*Assignment*. Below are entries; output exactly the lines from the one with "Caterpillar 301.6C - Mini ekskavatorius: foto 1 Caterpillar" to the one with "New 2025 Chevrolet", both included, and nothing else.

=== Data in this exercise ===

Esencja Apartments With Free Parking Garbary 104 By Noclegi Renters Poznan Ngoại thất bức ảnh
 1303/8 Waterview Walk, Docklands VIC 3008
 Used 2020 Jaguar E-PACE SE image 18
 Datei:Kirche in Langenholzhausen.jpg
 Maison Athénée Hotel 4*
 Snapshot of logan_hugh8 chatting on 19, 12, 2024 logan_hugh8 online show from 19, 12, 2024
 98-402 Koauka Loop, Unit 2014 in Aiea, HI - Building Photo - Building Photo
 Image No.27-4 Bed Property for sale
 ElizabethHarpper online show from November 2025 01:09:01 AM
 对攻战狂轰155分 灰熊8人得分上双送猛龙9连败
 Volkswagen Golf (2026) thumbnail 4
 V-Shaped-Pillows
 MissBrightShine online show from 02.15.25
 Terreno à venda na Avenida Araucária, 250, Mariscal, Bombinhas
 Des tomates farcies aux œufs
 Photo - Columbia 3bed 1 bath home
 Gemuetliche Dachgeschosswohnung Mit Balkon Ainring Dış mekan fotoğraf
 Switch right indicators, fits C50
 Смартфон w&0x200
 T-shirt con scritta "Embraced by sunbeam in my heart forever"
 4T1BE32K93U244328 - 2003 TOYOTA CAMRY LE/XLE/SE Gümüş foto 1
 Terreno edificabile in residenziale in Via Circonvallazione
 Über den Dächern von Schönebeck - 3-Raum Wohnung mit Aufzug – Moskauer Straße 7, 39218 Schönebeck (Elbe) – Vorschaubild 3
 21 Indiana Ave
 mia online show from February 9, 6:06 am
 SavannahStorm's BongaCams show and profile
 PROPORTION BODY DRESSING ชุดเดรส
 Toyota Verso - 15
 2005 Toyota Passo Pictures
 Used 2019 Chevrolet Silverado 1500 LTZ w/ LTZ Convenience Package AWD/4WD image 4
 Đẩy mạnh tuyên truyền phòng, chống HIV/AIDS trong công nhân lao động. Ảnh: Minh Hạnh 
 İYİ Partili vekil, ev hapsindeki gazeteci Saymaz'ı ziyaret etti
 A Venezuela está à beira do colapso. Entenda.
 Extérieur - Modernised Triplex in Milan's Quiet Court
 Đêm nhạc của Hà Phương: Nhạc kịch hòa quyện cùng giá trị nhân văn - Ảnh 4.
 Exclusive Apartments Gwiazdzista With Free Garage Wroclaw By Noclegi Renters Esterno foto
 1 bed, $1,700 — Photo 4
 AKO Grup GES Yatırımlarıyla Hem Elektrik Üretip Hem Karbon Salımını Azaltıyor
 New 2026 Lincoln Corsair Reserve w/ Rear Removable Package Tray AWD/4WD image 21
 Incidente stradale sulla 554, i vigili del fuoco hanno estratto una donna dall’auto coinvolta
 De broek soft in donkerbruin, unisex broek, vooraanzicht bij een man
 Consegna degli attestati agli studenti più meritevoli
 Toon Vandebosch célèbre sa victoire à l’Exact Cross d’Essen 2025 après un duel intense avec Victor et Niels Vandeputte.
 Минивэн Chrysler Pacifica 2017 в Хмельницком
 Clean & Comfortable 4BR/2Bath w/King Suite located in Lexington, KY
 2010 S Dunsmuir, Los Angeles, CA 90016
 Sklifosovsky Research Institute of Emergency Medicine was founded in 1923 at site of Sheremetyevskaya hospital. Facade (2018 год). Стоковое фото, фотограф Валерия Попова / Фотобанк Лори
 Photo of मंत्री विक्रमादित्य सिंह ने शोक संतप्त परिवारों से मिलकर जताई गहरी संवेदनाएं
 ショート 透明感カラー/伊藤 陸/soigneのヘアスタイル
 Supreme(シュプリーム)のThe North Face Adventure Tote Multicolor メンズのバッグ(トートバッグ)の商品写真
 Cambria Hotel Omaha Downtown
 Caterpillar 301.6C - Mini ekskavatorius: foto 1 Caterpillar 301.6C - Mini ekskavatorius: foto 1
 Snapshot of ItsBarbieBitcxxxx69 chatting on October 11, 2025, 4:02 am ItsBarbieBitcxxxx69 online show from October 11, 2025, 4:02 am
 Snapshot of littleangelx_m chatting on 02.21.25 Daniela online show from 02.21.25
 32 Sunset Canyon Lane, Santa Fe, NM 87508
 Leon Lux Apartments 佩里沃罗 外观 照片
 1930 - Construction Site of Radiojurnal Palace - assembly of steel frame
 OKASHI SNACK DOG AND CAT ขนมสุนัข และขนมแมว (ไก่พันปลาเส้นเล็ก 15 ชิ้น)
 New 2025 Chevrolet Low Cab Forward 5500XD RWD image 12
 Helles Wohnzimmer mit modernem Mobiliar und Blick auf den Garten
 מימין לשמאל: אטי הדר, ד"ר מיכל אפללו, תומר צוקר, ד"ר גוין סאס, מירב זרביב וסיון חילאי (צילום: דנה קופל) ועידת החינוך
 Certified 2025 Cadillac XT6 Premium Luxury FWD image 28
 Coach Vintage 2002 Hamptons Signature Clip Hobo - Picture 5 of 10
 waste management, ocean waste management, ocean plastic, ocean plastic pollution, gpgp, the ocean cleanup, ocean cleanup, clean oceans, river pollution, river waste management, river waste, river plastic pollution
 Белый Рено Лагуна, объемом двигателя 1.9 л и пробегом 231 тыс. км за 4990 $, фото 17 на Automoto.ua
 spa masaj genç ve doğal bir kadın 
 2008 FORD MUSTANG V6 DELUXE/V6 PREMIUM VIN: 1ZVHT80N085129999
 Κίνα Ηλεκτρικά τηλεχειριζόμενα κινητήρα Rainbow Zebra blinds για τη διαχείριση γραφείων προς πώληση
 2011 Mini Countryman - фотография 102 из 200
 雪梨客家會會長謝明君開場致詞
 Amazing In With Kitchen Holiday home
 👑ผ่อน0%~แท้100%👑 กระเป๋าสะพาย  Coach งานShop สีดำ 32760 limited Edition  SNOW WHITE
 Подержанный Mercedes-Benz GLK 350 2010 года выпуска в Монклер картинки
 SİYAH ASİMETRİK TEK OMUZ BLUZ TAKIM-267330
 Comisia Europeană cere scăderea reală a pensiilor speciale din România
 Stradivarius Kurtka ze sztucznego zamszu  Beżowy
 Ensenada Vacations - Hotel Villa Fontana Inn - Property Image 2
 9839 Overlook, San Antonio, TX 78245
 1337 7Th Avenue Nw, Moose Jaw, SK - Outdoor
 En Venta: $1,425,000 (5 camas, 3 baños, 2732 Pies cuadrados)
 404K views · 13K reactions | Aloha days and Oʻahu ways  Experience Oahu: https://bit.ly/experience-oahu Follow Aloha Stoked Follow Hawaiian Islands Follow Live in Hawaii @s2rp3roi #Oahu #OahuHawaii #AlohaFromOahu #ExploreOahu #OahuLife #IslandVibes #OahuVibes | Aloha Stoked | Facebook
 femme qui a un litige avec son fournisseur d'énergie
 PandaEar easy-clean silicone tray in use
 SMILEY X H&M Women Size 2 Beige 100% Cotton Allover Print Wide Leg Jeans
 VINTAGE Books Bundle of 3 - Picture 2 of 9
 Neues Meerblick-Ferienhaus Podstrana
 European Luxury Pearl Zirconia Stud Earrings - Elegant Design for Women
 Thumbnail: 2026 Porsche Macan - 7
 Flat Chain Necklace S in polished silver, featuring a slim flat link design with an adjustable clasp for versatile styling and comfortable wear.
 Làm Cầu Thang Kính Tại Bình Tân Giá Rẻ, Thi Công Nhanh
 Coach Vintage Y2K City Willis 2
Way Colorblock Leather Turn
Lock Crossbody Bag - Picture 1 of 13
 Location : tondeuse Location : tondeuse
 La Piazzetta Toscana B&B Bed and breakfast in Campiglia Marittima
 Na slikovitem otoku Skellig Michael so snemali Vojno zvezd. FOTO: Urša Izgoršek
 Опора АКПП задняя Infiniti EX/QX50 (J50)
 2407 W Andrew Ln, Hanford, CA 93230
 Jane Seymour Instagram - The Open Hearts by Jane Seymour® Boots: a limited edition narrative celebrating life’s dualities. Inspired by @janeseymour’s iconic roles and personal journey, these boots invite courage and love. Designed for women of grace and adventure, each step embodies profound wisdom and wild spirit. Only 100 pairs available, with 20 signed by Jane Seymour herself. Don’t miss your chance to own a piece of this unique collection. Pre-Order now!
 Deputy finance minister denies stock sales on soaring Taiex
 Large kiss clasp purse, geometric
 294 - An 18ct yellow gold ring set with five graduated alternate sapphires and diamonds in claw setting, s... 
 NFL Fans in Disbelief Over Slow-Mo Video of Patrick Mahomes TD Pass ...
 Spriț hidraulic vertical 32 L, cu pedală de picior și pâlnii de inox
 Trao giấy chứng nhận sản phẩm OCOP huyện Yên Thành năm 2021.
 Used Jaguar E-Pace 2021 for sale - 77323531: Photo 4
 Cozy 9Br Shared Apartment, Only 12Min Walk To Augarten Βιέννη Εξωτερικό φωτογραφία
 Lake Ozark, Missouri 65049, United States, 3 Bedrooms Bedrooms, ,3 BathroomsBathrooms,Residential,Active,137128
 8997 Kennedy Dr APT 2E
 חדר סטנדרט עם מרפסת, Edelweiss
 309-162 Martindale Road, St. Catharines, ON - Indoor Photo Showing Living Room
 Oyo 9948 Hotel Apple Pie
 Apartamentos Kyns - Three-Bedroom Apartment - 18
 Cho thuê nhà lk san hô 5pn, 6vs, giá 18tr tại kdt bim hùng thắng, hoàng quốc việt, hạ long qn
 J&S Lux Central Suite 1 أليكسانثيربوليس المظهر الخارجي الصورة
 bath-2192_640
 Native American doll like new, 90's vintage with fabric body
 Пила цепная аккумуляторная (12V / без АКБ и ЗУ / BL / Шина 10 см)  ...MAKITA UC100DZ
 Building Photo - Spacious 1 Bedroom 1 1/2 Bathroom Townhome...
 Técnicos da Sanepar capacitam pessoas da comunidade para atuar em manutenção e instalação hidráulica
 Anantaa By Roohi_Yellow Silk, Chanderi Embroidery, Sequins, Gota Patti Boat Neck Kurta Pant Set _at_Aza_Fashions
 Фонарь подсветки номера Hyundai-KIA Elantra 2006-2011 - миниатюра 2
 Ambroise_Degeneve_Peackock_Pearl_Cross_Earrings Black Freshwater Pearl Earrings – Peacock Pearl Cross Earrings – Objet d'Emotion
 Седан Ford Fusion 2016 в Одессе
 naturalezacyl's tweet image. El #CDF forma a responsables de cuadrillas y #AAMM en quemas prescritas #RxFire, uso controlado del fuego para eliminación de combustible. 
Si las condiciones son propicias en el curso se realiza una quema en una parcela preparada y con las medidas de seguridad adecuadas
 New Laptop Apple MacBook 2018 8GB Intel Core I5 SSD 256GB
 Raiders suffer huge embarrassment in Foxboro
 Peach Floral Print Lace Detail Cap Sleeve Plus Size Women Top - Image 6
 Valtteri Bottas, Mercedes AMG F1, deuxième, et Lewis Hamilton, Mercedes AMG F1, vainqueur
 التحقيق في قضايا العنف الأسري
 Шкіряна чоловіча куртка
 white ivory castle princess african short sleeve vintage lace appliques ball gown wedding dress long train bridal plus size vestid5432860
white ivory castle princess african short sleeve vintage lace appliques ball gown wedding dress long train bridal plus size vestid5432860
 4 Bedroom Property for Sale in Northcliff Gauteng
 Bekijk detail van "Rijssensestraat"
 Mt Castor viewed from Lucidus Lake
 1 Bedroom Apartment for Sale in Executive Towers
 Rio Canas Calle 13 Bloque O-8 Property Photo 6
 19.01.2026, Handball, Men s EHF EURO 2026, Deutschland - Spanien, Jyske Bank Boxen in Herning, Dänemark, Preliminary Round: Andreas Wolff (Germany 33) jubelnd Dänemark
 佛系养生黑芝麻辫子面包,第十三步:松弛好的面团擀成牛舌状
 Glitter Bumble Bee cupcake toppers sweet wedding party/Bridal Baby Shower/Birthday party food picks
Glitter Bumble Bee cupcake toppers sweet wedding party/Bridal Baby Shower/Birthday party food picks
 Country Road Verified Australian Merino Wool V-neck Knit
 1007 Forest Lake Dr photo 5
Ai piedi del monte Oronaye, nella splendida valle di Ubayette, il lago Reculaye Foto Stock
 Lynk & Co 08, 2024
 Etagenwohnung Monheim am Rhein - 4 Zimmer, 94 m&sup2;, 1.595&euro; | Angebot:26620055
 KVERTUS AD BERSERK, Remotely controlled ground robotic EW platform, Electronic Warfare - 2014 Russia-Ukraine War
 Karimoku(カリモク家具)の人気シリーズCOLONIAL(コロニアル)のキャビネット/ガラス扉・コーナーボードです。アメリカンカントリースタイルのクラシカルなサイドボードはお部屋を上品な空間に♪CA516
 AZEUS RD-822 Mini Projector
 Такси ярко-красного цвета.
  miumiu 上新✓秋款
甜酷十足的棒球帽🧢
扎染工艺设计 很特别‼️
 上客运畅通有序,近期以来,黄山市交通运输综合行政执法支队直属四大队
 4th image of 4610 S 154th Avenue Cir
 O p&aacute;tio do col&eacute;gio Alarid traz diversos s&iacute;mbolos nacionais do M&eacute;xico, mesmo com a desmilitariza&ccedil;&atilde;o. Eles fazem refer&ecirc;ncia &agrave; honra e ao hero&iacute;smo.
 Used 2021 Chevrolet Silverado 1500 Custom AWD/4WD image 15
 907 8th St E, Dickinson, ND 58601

===

*Written solution*.
 Caterpillar 301.6C - Mini ekskavatorius: foto 1 Caterpillar 301.6C - Mini ekskavatorius: foto 1
 Snapshot of ItsBarbieBitcxxxx69 chatting on October 11, 2025, 4:02 am ItsBarbieBitcxxxx69 online show from October 11, 2025, 4:02 am
 Snapshot of littleangelx_m chatting on 02.21.25 Daniela online show from 02.21.25
 32 Sunset Canyon Lane, Santa Fe, NM 87508
 Leon Lux Apartments 佩里沃罗 外观 照片
 1930 - Construction Site of Radiojurnal Palace - assembly of steel frame
 OKASHI SNACK DOG AND CAT ขนมสุนัข และขนมแมว (ไก่พันปลาเส้นเล็ก 15 ชิ้น)
 New 2025 Chevrolet Low Cab Forward 5500XD RWD image 12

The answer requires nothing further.